■ ABOUT THIS TASK
From the line that holds "LIVERPOOL, ENGLAND - Sunday, May" to the end of the records, reproduce every line exactly. No pictures.

Stored entries:

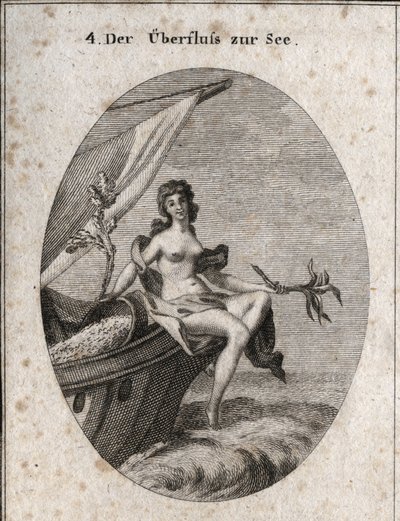 Allegori om maritim överflöd representerad av Ceres sittande på fören av ett skepp. Hon håller i en bukett hampa, en knägren på vilken silkesmaskkokonger är fästa. Det lutar sig mot korn som hänger tillbaka i båten. Gravyr i "" Iconologie eller Idee av Austrian School
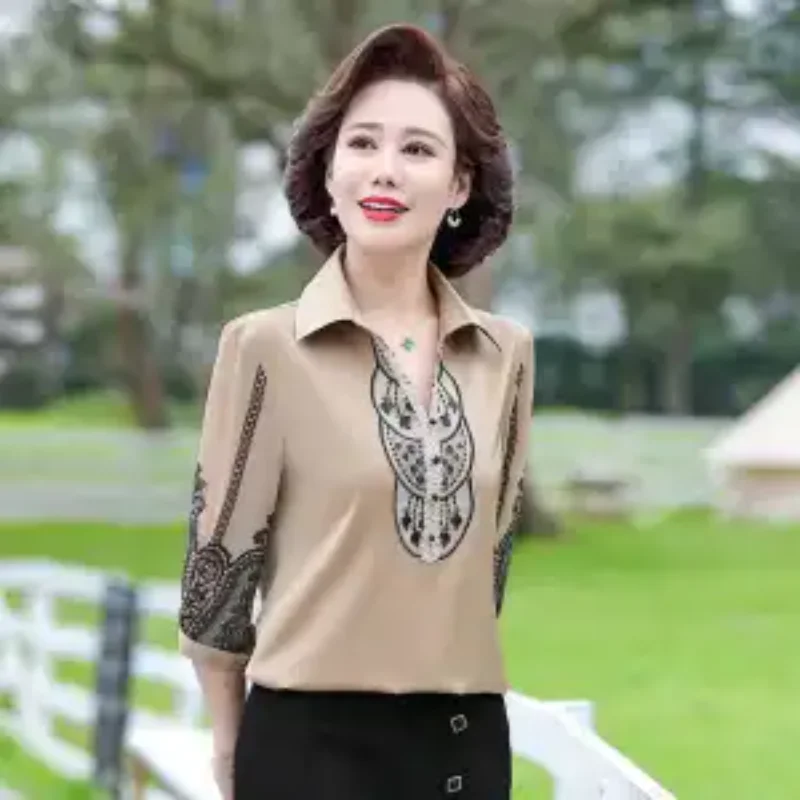 Mother's New Style Chiffon Shirt for Middle-aged Mothers Tops Short-sleeved Spring Summer Middle-aged and Elderly Women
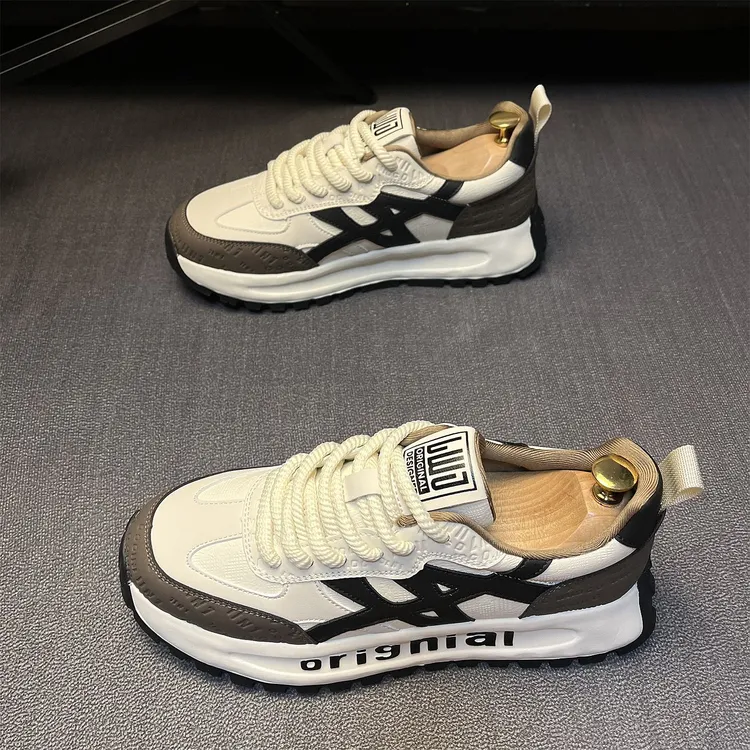 男鞋2025秋季老爹鞋时尚潮鞋厚底阿甘鞋休闲运动网红增高老爹鞋男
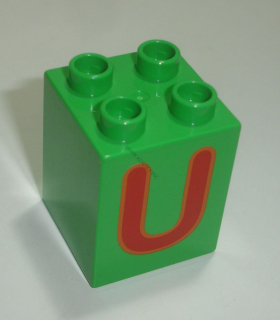 Lego Duplo D14386 (31110pb063) kostka 2x2x2 sv. zelená s potiskem (písmeno "U") POUŽITÉ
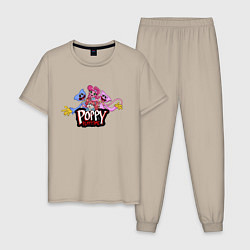 Пижама хлопковая мужская Poppy Playtime Mommy Long Legs, Huggy, Kissy, Popp, цвет: миндальный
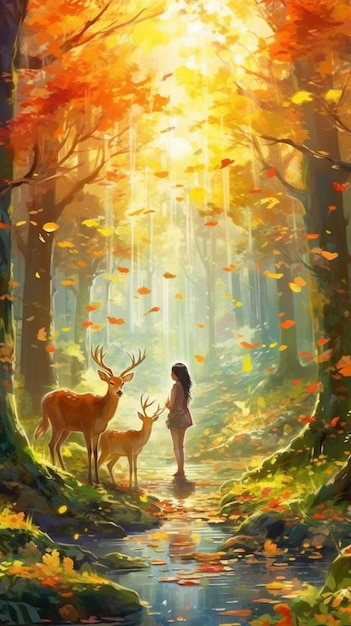 une fille debout dans les bois avec un cerf et un ruisseau génératif ai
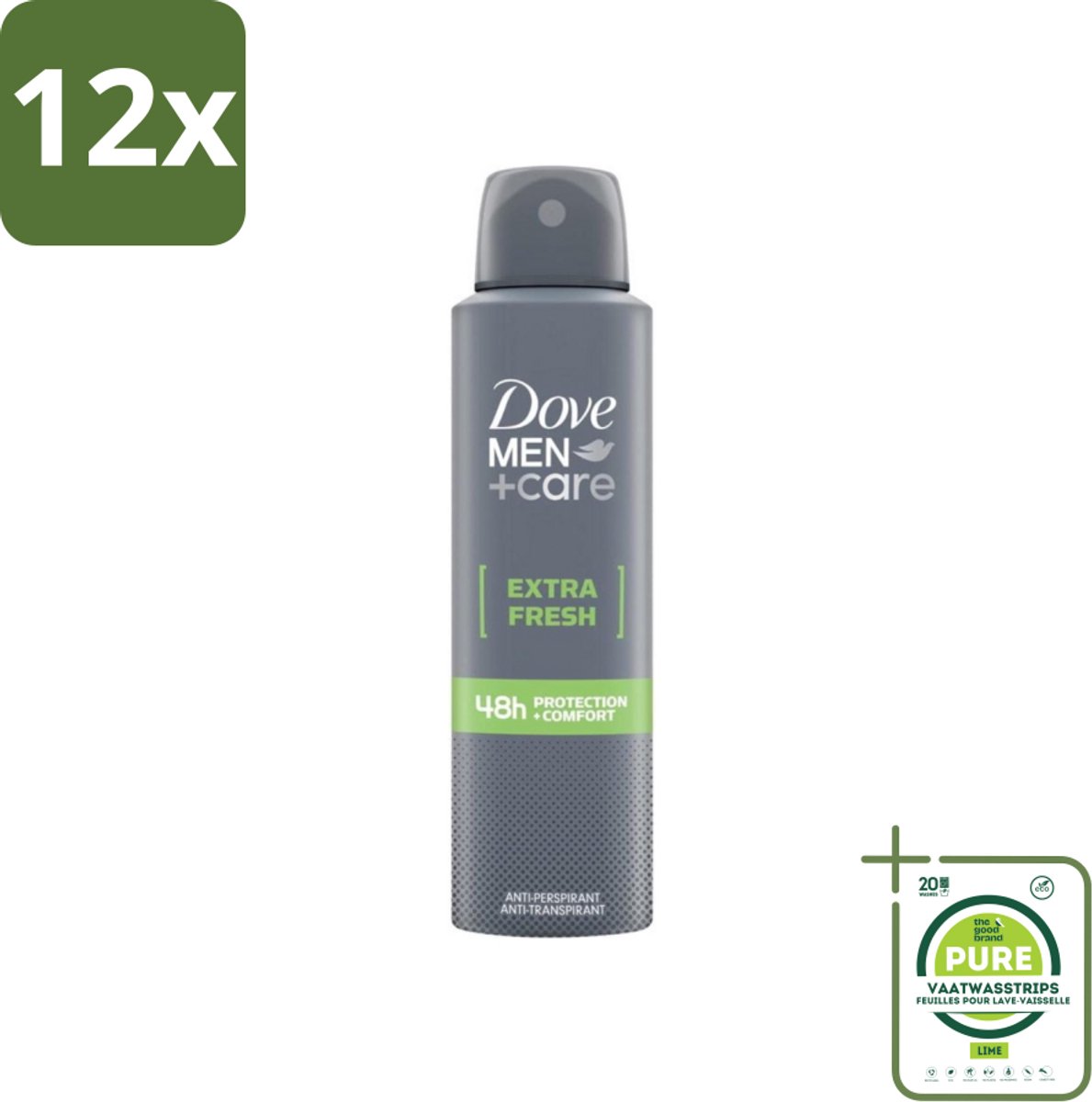 Dove Men+Care - Extra Fresh - Deospray - Anti-Transpirant - 150 ml - Voordeelverpakking - 12 stuks - Deodorant - Antitranspirant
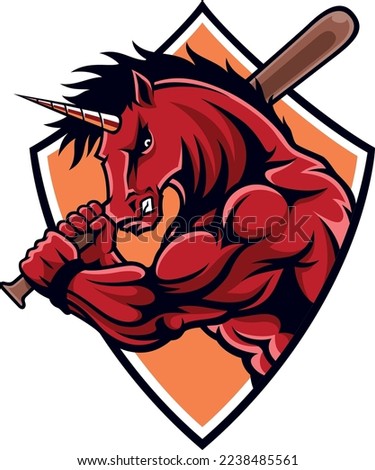 Aggressive Red Unicorn Holding Baseball Bat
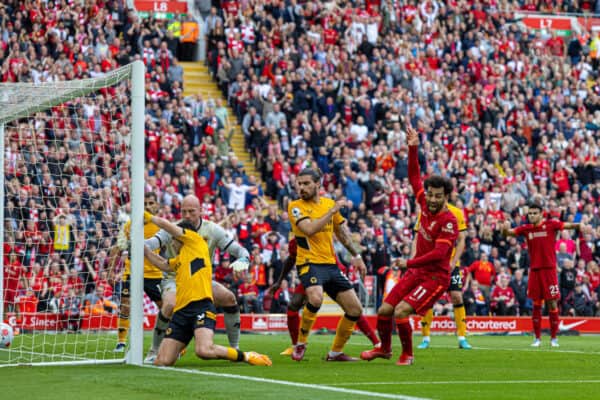 LIVERPOOL, ENGLAND - Sunday, May 22, 2022: Liverpool'selebrates after scoring the second goalhamed Salah cg2 during the FA Premier League match between Liverpool FC and Wolverhampton Wanderers FC at Anfield. (Pic by David Rawcliffe/Propaganda)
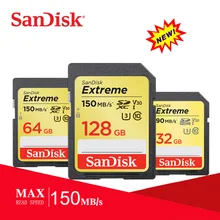 Двойной Флеш накопитель SanDisk Extreme памяти SD Card 64 Гб 128 ГБ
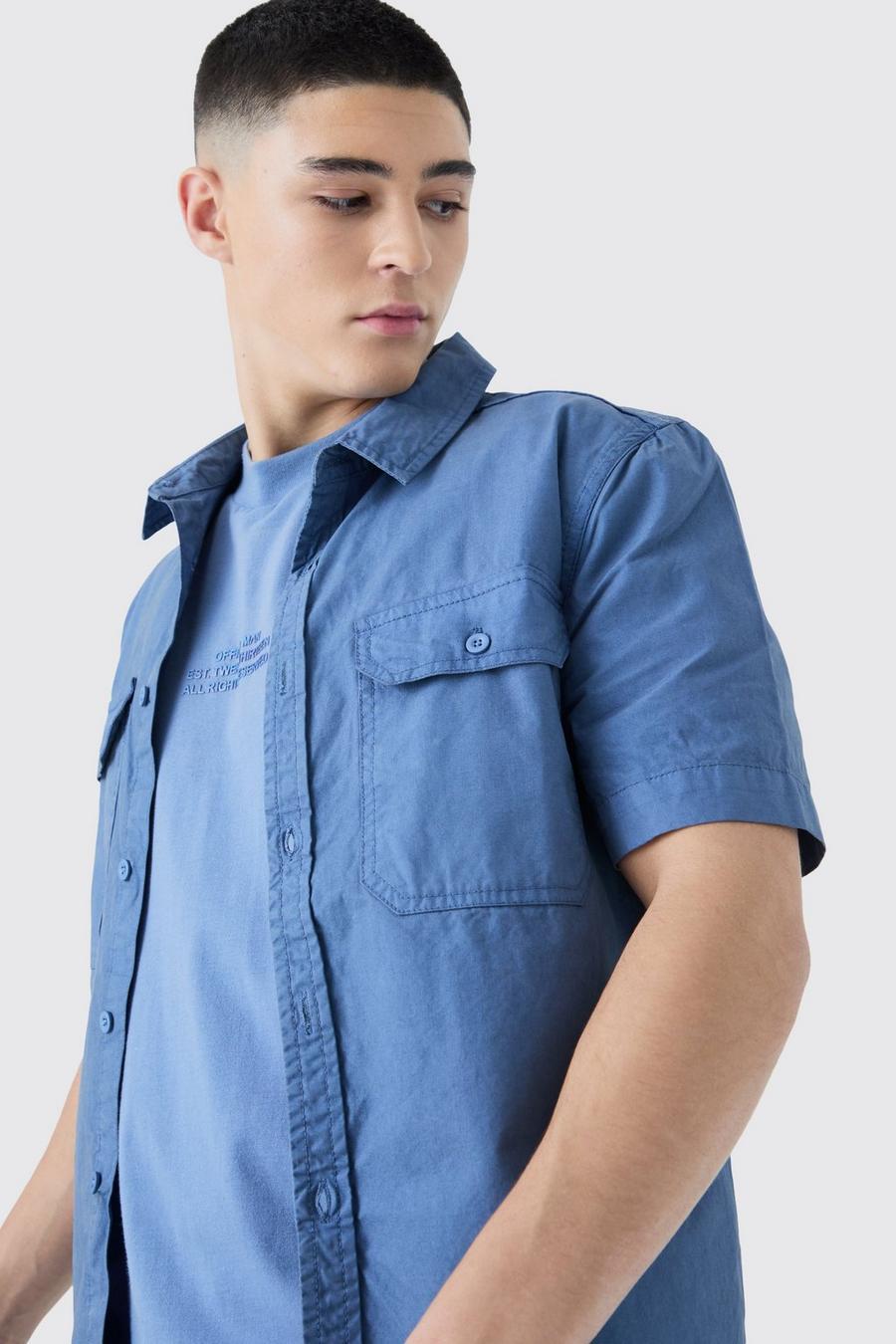 Camisa de sarga de manga corta desteñida, Slate blue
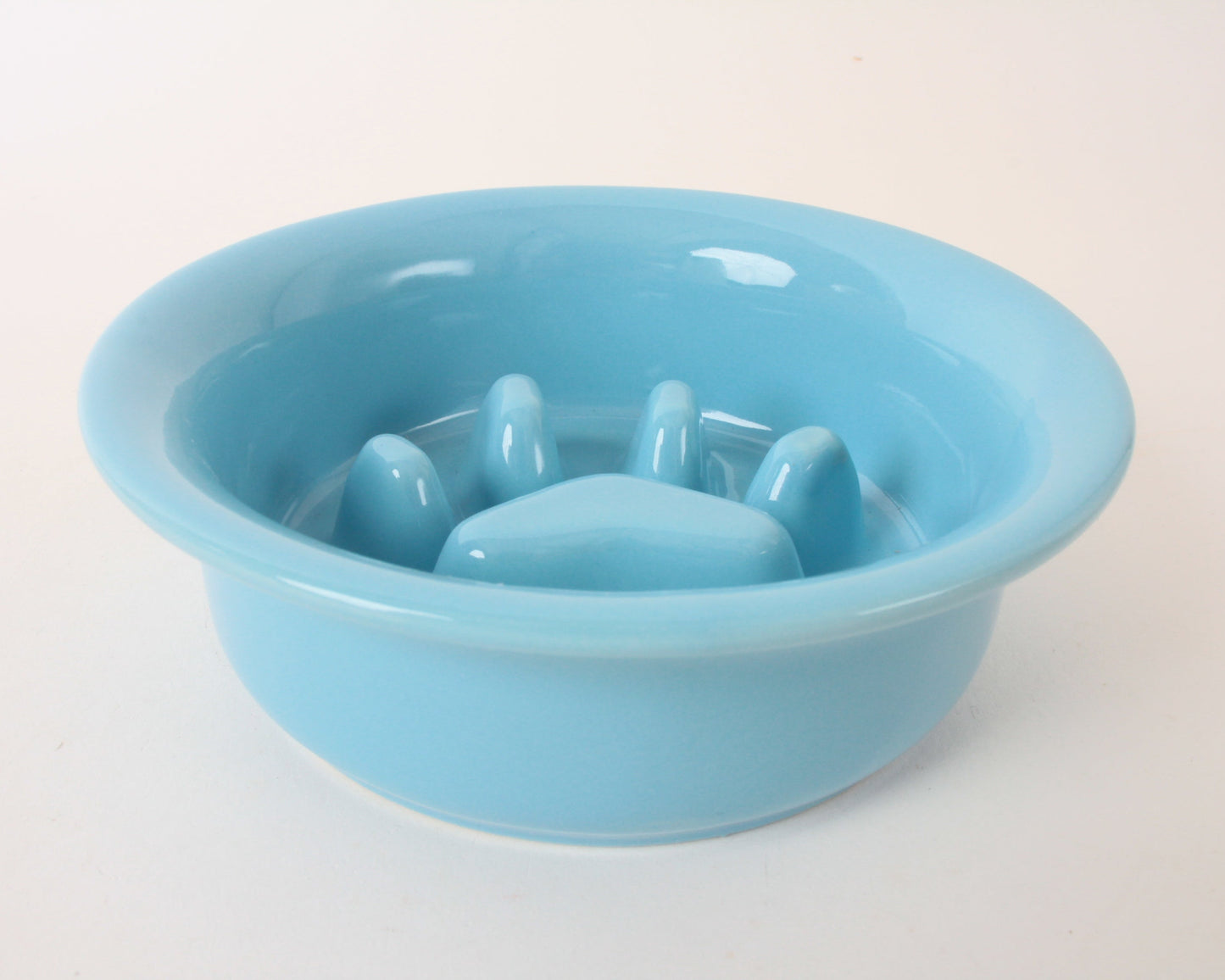 Mino ware Japanese Ceramics Cat Food Bowl Food Vessel Flat Turkish Blue w/Protrusions to Prevent Fast Eating Made in Japan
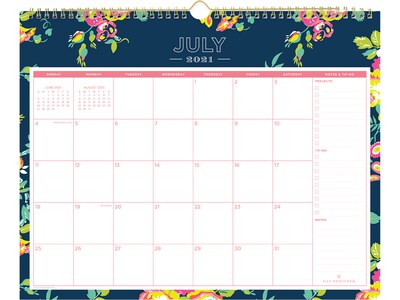 2021-2022 Blue Sky Academic 12 x 15 Wall Calendar, Day Designer Peyton Navy, Multicolor (107934-A22)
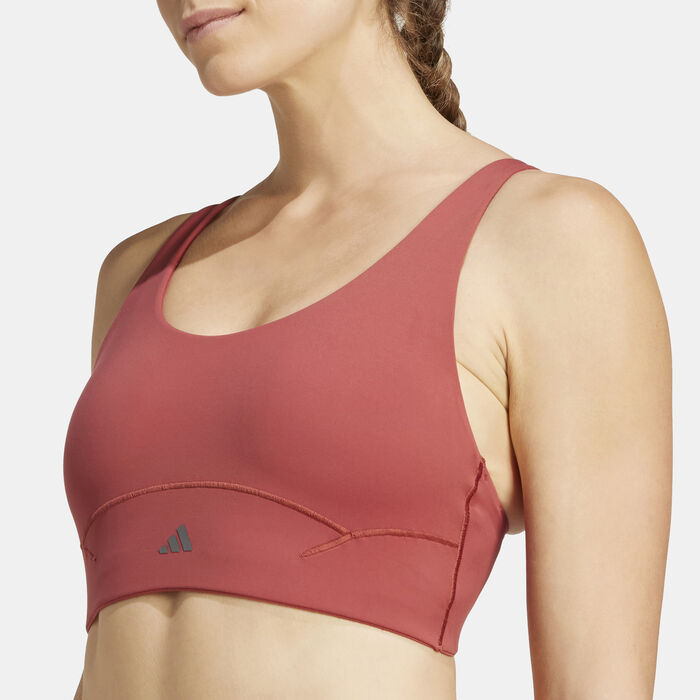 adidas Women's All Me Luxe Medium-Support Training Sports Bra Orange image number 3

■ YOUR SOLUTION
 LIVERPOOL, ENGLAND - Sunday, May 22, 2022: Liverpool'selebrates after scoring the second goalhamed Salah cg2 during the FA Premier League match between Liverpool FC and Wolverhampton Wanderers FC at Anfield. (Pic by David Rawcliffe/Propaganda)
 Двойной Флеш накопитель SanDisk Extreme памяти SD Card 64 Гб 128 ГБ
 Camisa de sarga de manga corta desteñida, Slate blue
 Mino ware Japanese Ceramics Cat Food Bowl Food Vessel Flat Turkish Blue w/Protrusions to Prevent Fast Eating Made in Japan
 2021-2022 Blue Sky Academic 12 x 15 Wall Calendar, Day Designer Peyton Navy, Multicolor (107934-A22)
 adidas Women's All Me Luxe Medium-Support Training Sports Bra Orange image number 3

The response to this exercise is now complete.